The Chambered Nautilus (Summer of L.U.C.K. Trilogy)
Publisher Name
Young Dragons
Age Range
Release Date
April 30, 2024
Can the Power of Friendship Save the Day?
Get ready for a whirlwind adventure with The Chambered Nautilus, the thrilling conclusion to Laura Segal Stegman's enchanting Summer of L.U.C.K. trilogy.

Best friends Darby, Justin, and Naz are facing their biggest challenge yet. Since last summer's adventure, they find themselves growing apart, making new friends, and being pulled in different directions. But when a ride at ghostly Mr. Usher's carnival experiences a mysterious malfunction, the trio reunites to answer his desperate call for help.

With expulsion from camp and the carnival's very existence on the line, Darby, Justin, and Naz will have to rely on their wits-and one another-to unravel the mysteries surrounding Mr. Usher's plea. The camp's newest attraction, the Chambered Nautilus, may hold the key, but it will take everything they have to unlock its secret.

Join them in a heart-pounding journey filled with friendship, courage, and the power of never giving up. Will they save the carnival and their cherished memories before it's too late? Find out in this magical tale of adventure, discovery, and the true meaning of loyalty.

Editor review

1 review
Perseverance to help a friend
(Updated: June 18, 2024)
Overall rating
Writing Style
Illustrations/Photos (if applicable)
What worked:
Darby, Naz, and Justin have grown very close in the first two books but things have changed this time. They helped the ghost of Mr. Usher resolve some problems within his family but then lost the ability to telepathically communicate with each other. Darby arrives this year with her new friend Mei-Ling but she’s afraid speaking about Mr. Usher will end their closeness. Naz needed counseling after leaving last year and he’s afraid to tell Darby and Justin that his family may be moving back to Morocco for good. Justin is a counselor in training so the three friends are now so preoccupied that they find their relationships suffer.
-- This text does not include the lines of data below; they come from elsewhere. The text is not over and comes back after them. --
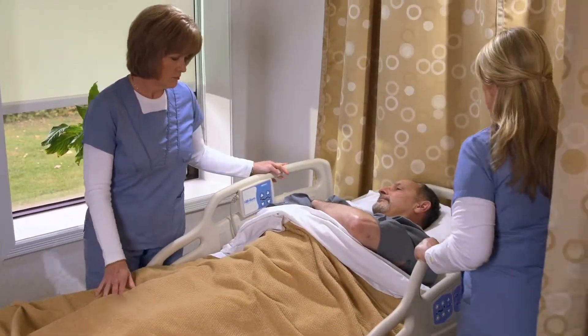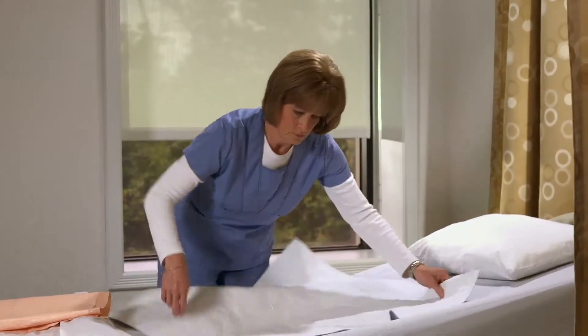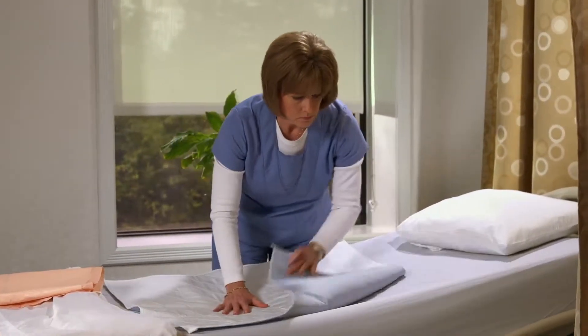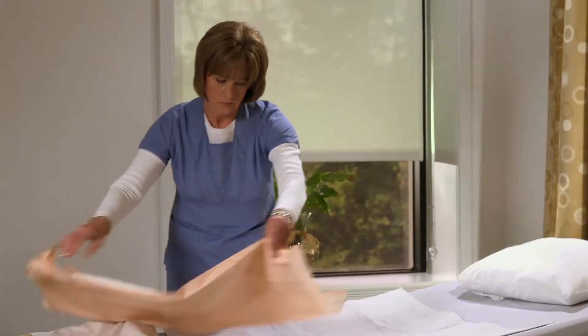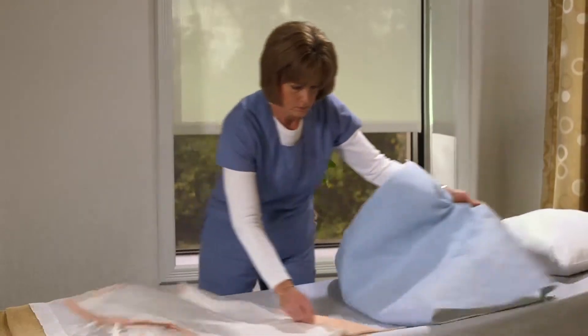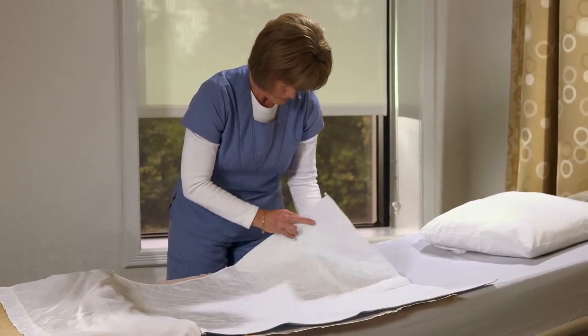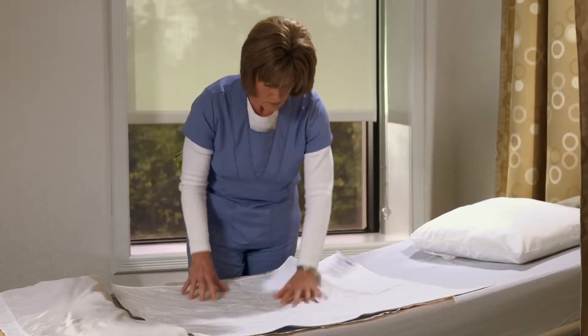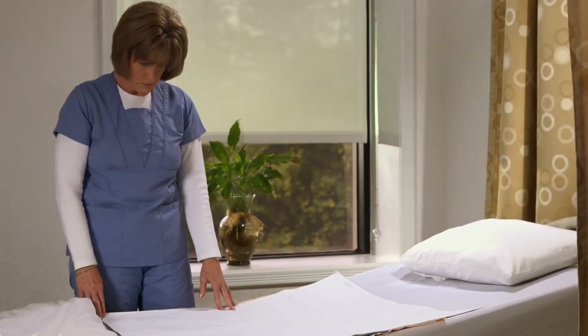If the patient experiences large volumes of incontinent diarrhea, urine, and or weeping edema, using a disposable pad in conjunction with the Dermatherapy underpad is at the nurse's discretion and is proven to be an effective combination for those particular cases. The primary objective is to keep the Dermatherapy product in contact with the skin as much as possible while keeping the layers underneath the patient to a minimum.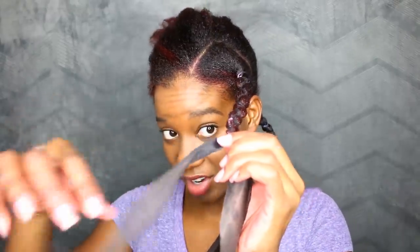Put a little extra mousse at the ends and continue plaiting. I'm just going to make a knot at the end.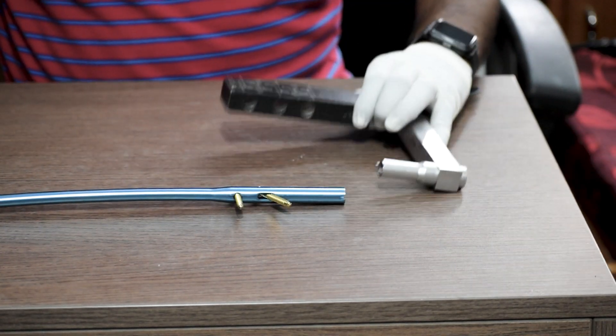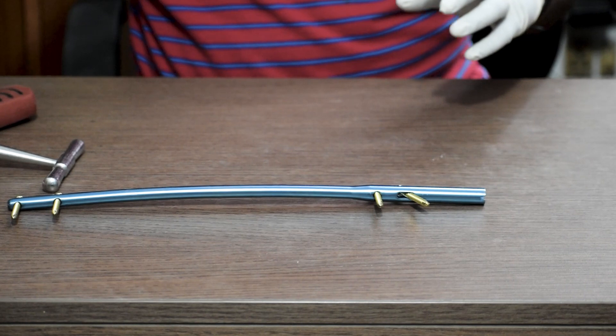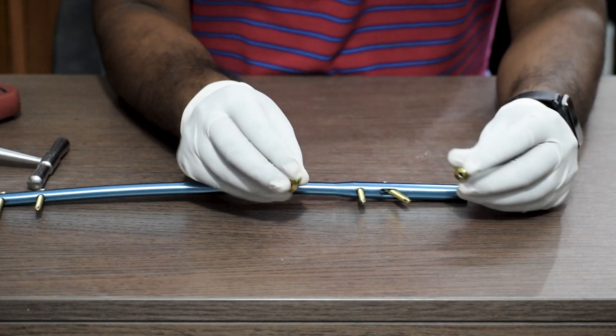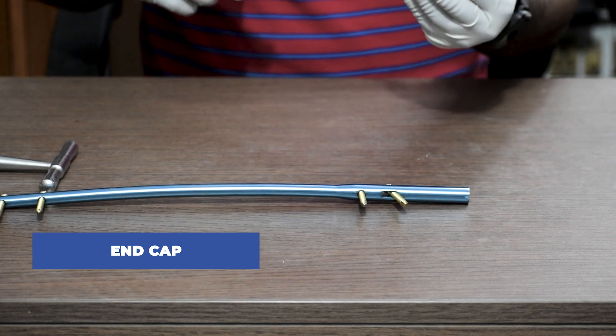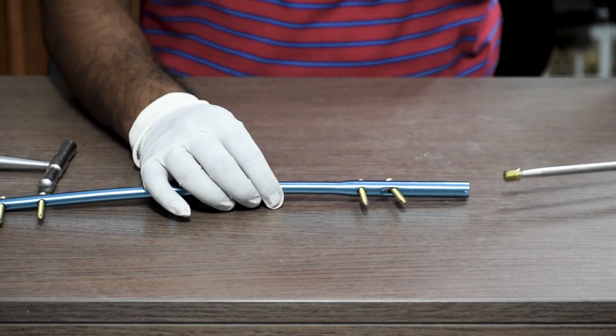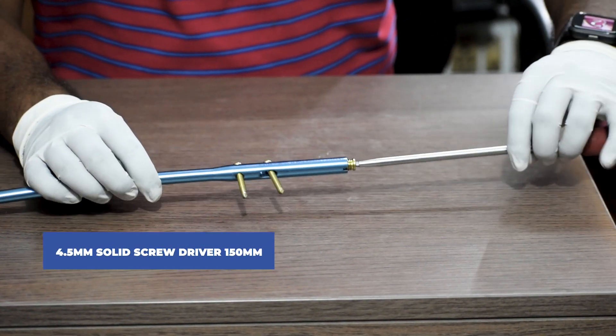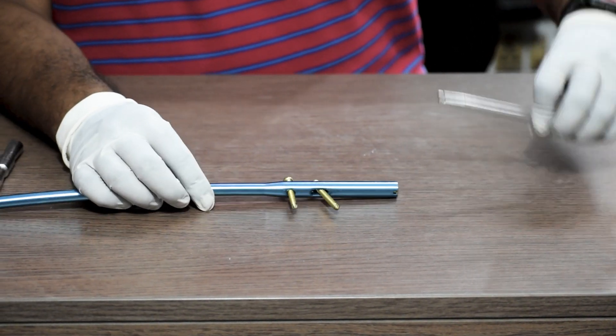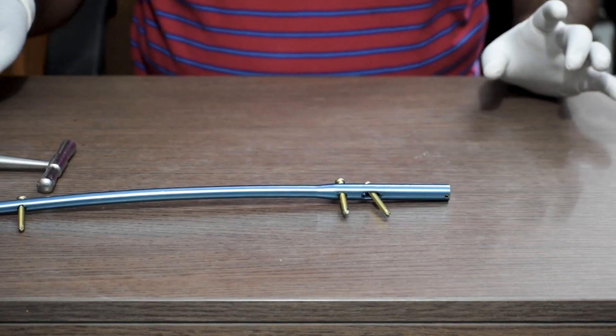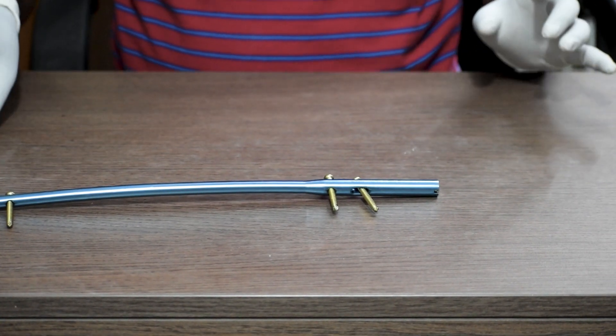Once we have removed the jig, we will fix either a 0 mm or a 5 mm end cap depending upon the position of the nail, and we will use a 4.5 mm solid screwdriver to fix the end cap. You can check the previous video to understand more about the end cap.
The opening chapters find Darby, Naz, and Justin struggling to reunite but a scratchy message on a walkie-talkie forces them back together.
An enjoyable aspect of the book is how it demonstrates growth in the characters throughout the series. Each book found them helping Mr. Usher but the kids learned something about themselves along the way. For example, Darby had anxiety about making friends, which included stuttering, but she learned to take risks and do her best. The kids don’t know how to help Mr. Usher this time and he’s beginning to lose hope. However, Darby, Justin, and Naz aren’t willing to give up and Darby reminds him of his favorite saying, “All things are possible”. Seeing Mr. Usher’s lessons come full circle is fulfilling as the kids apply their learning from past experiences to set things right.
The plot develops into a mystery as the characters discover strange things happening. Losing their mental telepathy happened in the previous book but it’s the first sign that Mr. Usher’s magic is broken. However, the kids have no idea why it’s happening and Mr. Usher’s unsmiling photograph tells them he’s in trouble. A car disappears from the carnival’s Ferris wheel which makes investigating it and the Chambered Nautilus potentially dangerous. Darby, Naz, and Justin will be expelled from camp if they visit the carnival again so they’re forced to piece together clues in hopes of rescuing Mr. Usher and letting him finally rest in peace.
What didn’t work as well:
The plot doesn’t build to a suspenseful climax although the author creates tension through the characters. Darby, Naz, and Justin are so invested in helping Mr. Usher that readers are naturally drawn into their emotions too.
The final verdict:
This sweet, sensitive story doesn’t include any profanity, violence, or negative relationships which is a nice change from many middle-grade books. The wholesome tale is reminiscent of simpler times and is satisfying and enjoyable for young readers. Overall, I recommend you give this book a shot but start by reading the previous two books first.